“It matters because you’re not just my ally, and I know you’re good enough at reading me to know that.” That’s enough to open her eyes again, and I press on. “Tell me why he was hurting you, and I can keep you safe.”
She reaches for her beer, gulping down a long swallow and setting it down too hard on the floor. “I don’t know why. Just promise me you won’t tell him where I am. Promise me, Gideon.” She’s still gripping the bottle, knuckles white. Whatever’s going on has her terrified.
How can I possibly answer that? If I admit who I am, she’ll run. If I promise, I’m lying. But there’s nothing to do but nod. And something in her releases when I do.
“He’s hunting me,” she whispers. “For almost a year now he’s been following me. I’ve had to learn how to tell when he’s getting close. Alarms, digital trip wires, that sort of thing. He has flags on my accounts, records of my transport travel. Every time I think I’m safe, every time I think I’ve lost him this time, there he is. I only get a few weeks—a month or two at most—before he finds me. This, on Corinth, is the longest I’ve been able to stay in one place. But he’ll find me eventually. I’ve just never been this close to LaRoux, and if the Knave finds me before I can—” Her lips press hard together, and she doesn’t finish her sentence.

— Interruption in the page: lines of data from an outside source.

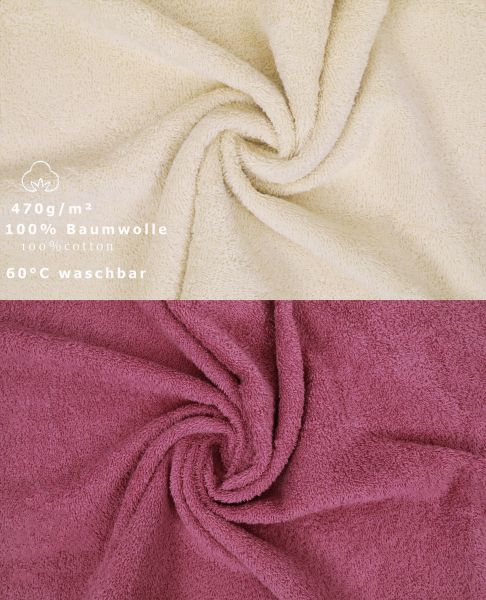 Betz Juego de 12 toallas PREMIUM 100% algodón de color beige arena/rojo baya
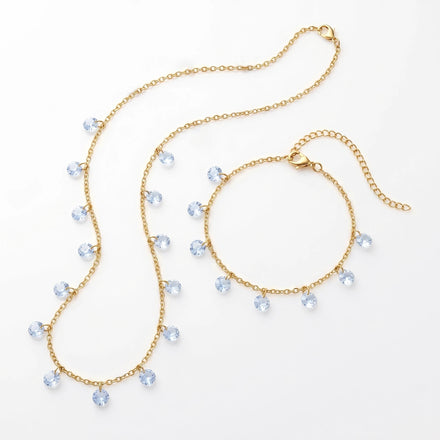 QIAOREN 11935 Waterproof Blue Zirconia Jewelry Set Stainless Steel Gold Station Dangle Necklace Bracelet Gift for Women US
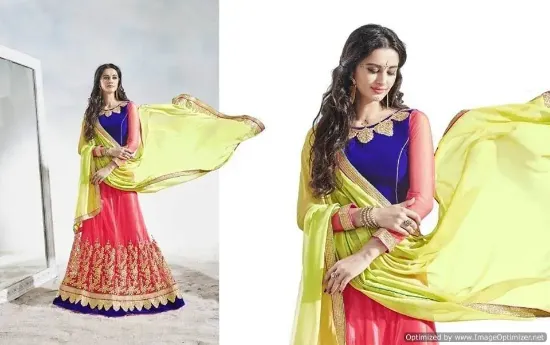 Picture of ethnic bollywood designer pakistani lehenga choli indi,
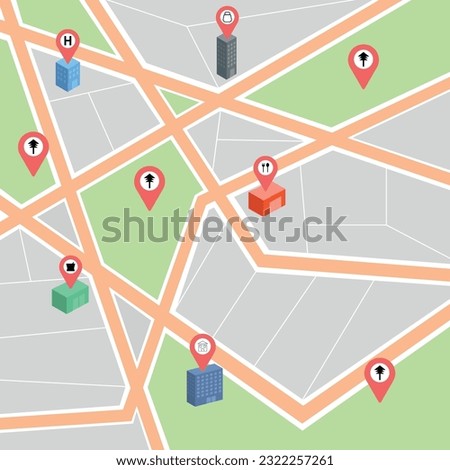 City Map With Map Pin Icon Vector Design.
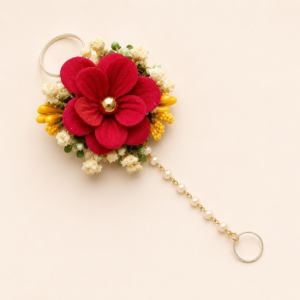 Red Floral Pearl Hand Accessory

I feel like I’ve fallen ten stories. I know these tricks—hell, I invented most of the ways hackers like me track down individuals these days—but I would never use them to hurt someone like Sofia, an innocent. But someone out there’s been using my arsenal, the one I keep for people like LaRoux and Towers and everyone else who condones their crimes—and using it to terrorize people. All I can do is repeat her words like an idiot. “He’s hunting you?”
She nods.
I reach across to cover her hand with mine. “I promise you, whoever’s after you, you’re safe now. I know this game.”

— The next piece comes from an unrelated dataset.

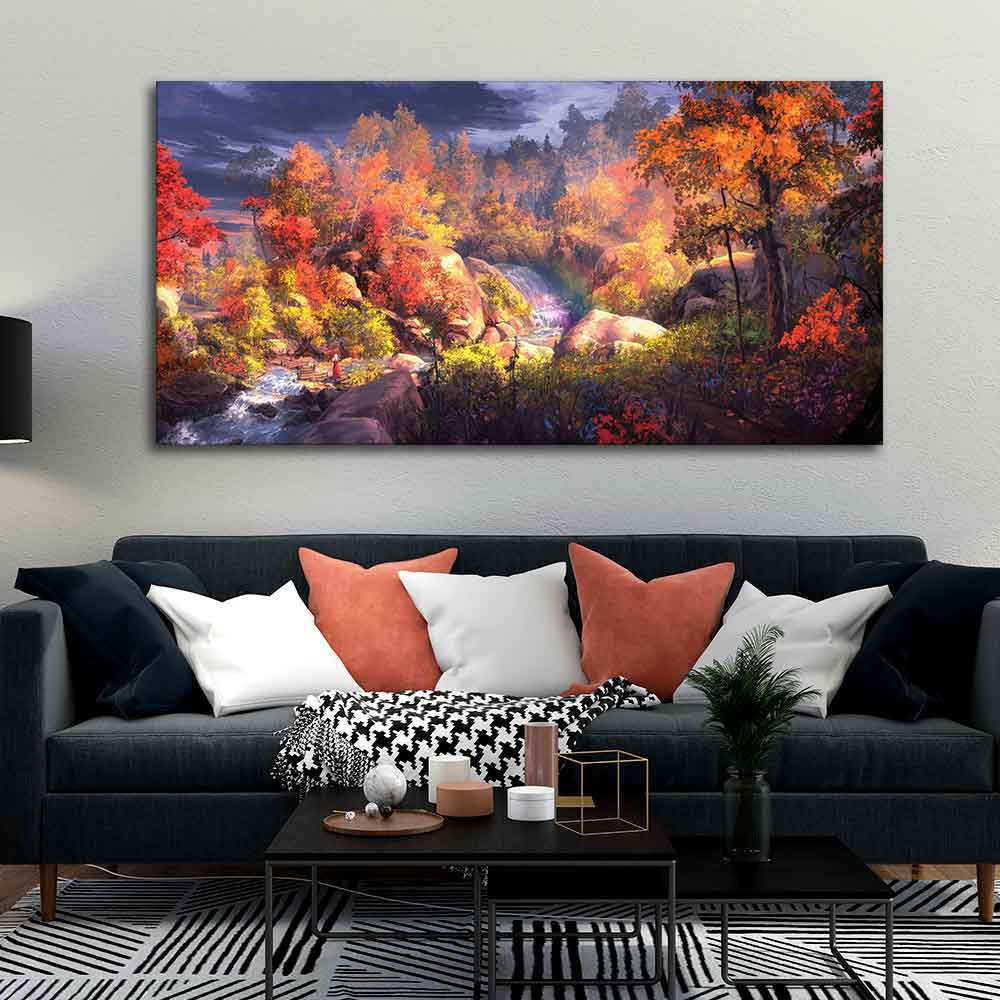 Autumn Season Nature's Scenery Wall Painting DECORMANTRA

“Whoever?” she echoes, brows drawing inward. “It’s the Knave, Gideon. I’m positive. Three different hackers have confirmed that, separately. He signs his work, the narcissist. Like an artist.” Then there’s a flicker of a wry, humorless smile. “Or a serial killer.”
I’m going to find out who’s been copycatting me, and make an afternoon with a serial killer look like a kid’s birthday party.
“We’ll keep you safe,” I say quietly. “I promise. Trust me with this.” I just need her to stick with me, and I can work this out. Maybe, when all of this is over, I won’t need the Knave anymore. But before I let him fade away, I’ll find whoever hurt her, and I’ll hurt them more.
Sofia steadies herself with a slow breath, turning her hand under mine until it’s palm-up, and she can twine our fingers together. A little more controlled, now. “It’s been a really, really long time since I wasn’t alone,” she whispers, and when I look across, our eyes meet. “I’ve missed that feeling.”
Her gaze goes straight to my heart. I’ve missed it too. And there’s something about this girl—so utterly strong, so vulnerable, so implacable in her purpose, but so alone—she brings all my best intentions undone.
She keeps her gaze on me as I set aside my meal, then take hers and her bottle, setting them aside as well. She swallows as I lean in to press my forehead to hers, curving my hand around the back of her neck, fingertips finding bare skin.
Everything between us—the ones we love who died, the way our hands linked together as we ran from Mae’s betrayal, the mad flight from LaRoux Headquarters, the taxi driver shouting after us, the tortured climb up the elevator shaft, that one perfect waltz—all those moments whirl through my head and coalesce into one instant of pure instinct.
All the things I should say—I’m the Knave, you don’t know who my allies are, I’m falling for you—are swept aside.
Her breath catches, and mine sticks in my throat, and then we’re surging together, rising to our knees so she can reach up to twine her arms around my neck, and I can duck my head to find her mouth, and I lose myself in her.
It’s hours later when Sofia stirs and murmurs in her sleep—that’s what wakes me. Our nest is lit only by the dim glow of my screen nearby, and I carefully ease up onto one elbow to check the time. Still a few hours until dawn.
When I look back, she’s curled up in a ball, her forehead lined, some dream causing her to push out a hand as though to defend herself. I’ve seen it over and over the last few days, but it strikes me anew. Even in her sleep, she doesn’t feel safe.
Carefully I lift the blanket, pulling it up over her where she’s pushed it off. It’s enough to settle her most times, and it works this time, too. “You’re going to wake up looking like a question mark,” I murmur, and she tucks herself up into a smaller ball, breath slowing. “A small, surprisingly beautiful que—I sound like an idiot. And I’m talking to myself.”
I’m smiling, too—also like an idiot. I have to get it together before she wakes up and sees me like this.